In diesem Artikel versuche ich die Fragen für mich selber zu beantworten und möchte meine Gedanken mit Ihnen teilen. Warum bzw. was bewegt die Gemeindemitglieder, sich zur Wahl in die Gemeindevertretung einer jüdischen Gemeinde in Deutschland zu stellen. Die nachfolgend beschriebene Situation könnte nur in Deutschland sein und gilt nicht für andere Länder.
Seit über mehr als fünfzehn Jahren werden mir immer wieder die gleichen Fragen gestellt:
- welche Vorteile bringt es, „Abgeordneter“ in der jüdischen Gemeinde zu sein?
- warum gibt es so einen erbitterten Kampf um diese Sitze?
- wie wahr sind die Behauptungen der Kandidatinnen und Kandidaten, dass alle ihre Aktivitäten in den Gemeinderäten völlig uneigennützig und ausschließlich aus „Liebe“ zum Judentum und sowie der Sorge um die Zukunft der jüdischen Gemeinden in Deutschland motiviert sind?

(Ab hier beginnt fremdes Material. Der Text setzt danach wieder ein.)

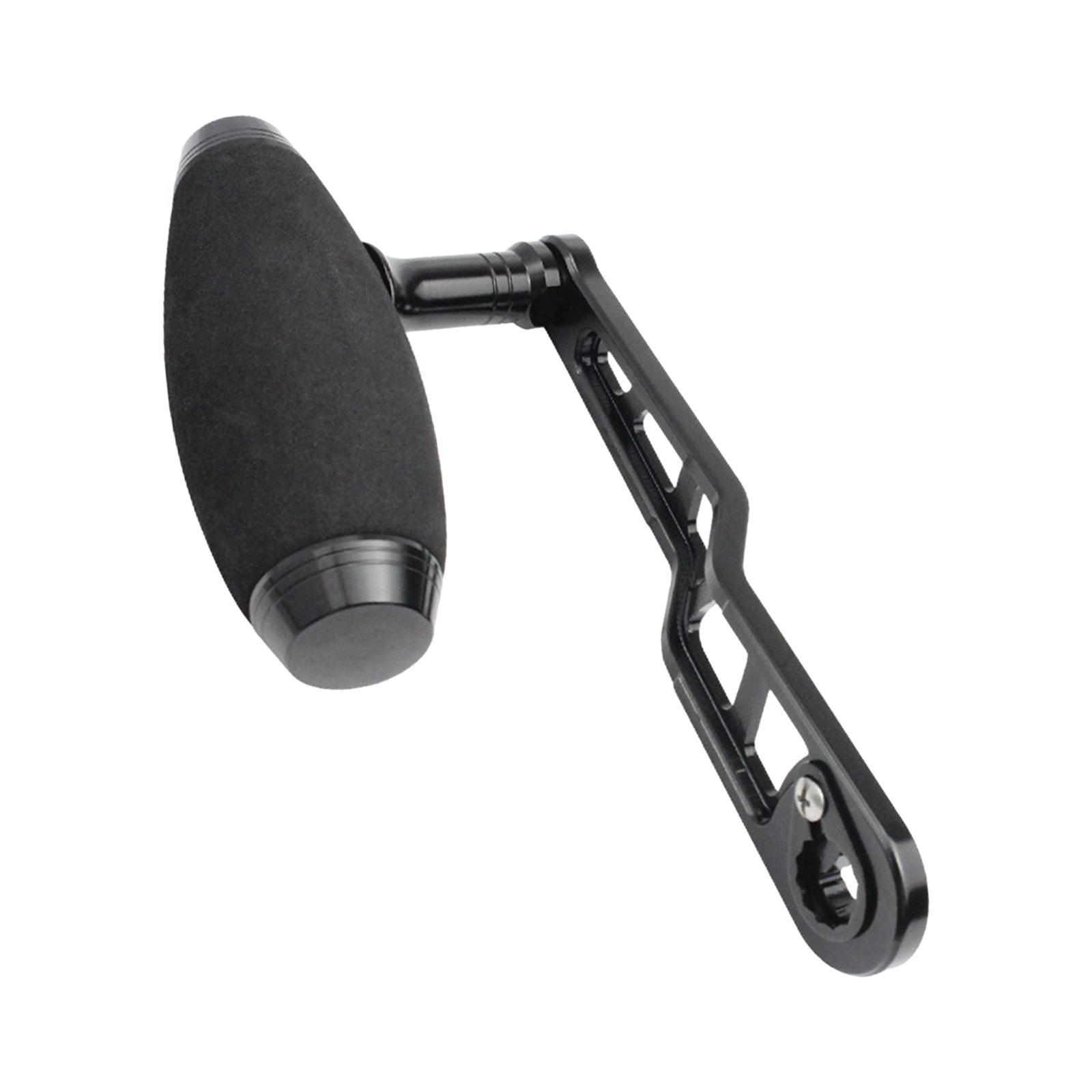 Fishing Reel Handle Stable Fishing Rocker for Freshwater Saltwater Equipment Black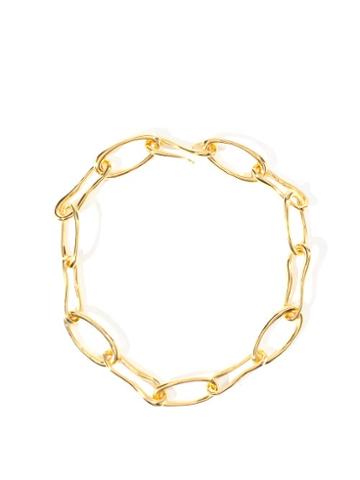 Matchesfashion.com Sophie Buhai - Xl Roman Chain 18kt Gold-vermeil Necklace - Womens - Yellow Gold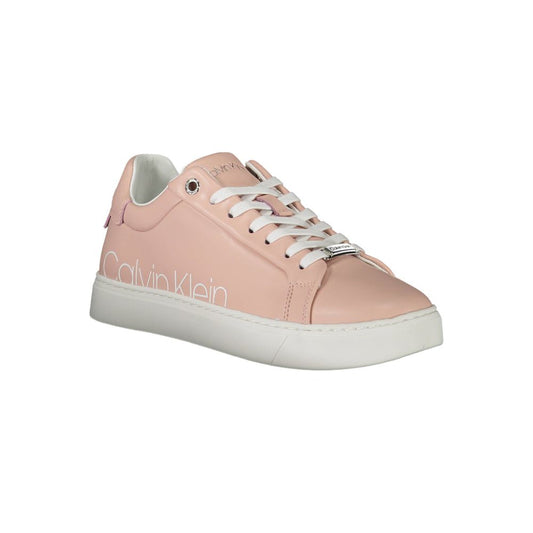 Pink Leather Women Sneaker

- gibt es eine finanzielle Komponente? Bekommt man Geld dafür?
Auf alle oben genannten Fragen gibt es keine eindeutige Antwort für mich. Wie wir alle wissen, sind alle Menschen unterschiedlich und haben völlig unterschiedliche Beweggründe. Wie es in Köln gesagt wird: Jede Jeck is anders…
Zum besseren Verständnis und zur Vereinfachung der Analyse der Beweggründe eines Kandidaten, schlage ich vor, die Motive der Kandidatinnen und Kandidaten in mehrere Kategorien zu unterteilen und zu versuchen, diese in Interessengruppen zu erläutern.
Ich möchte im Voraus darauf hinweisen, dass meine Einteilung in Gruppen sehr subjektiv ist, da die meisten Kandidatinnen und Kandidaten durch mehr als eines der folgenden Motive angetrieben werden.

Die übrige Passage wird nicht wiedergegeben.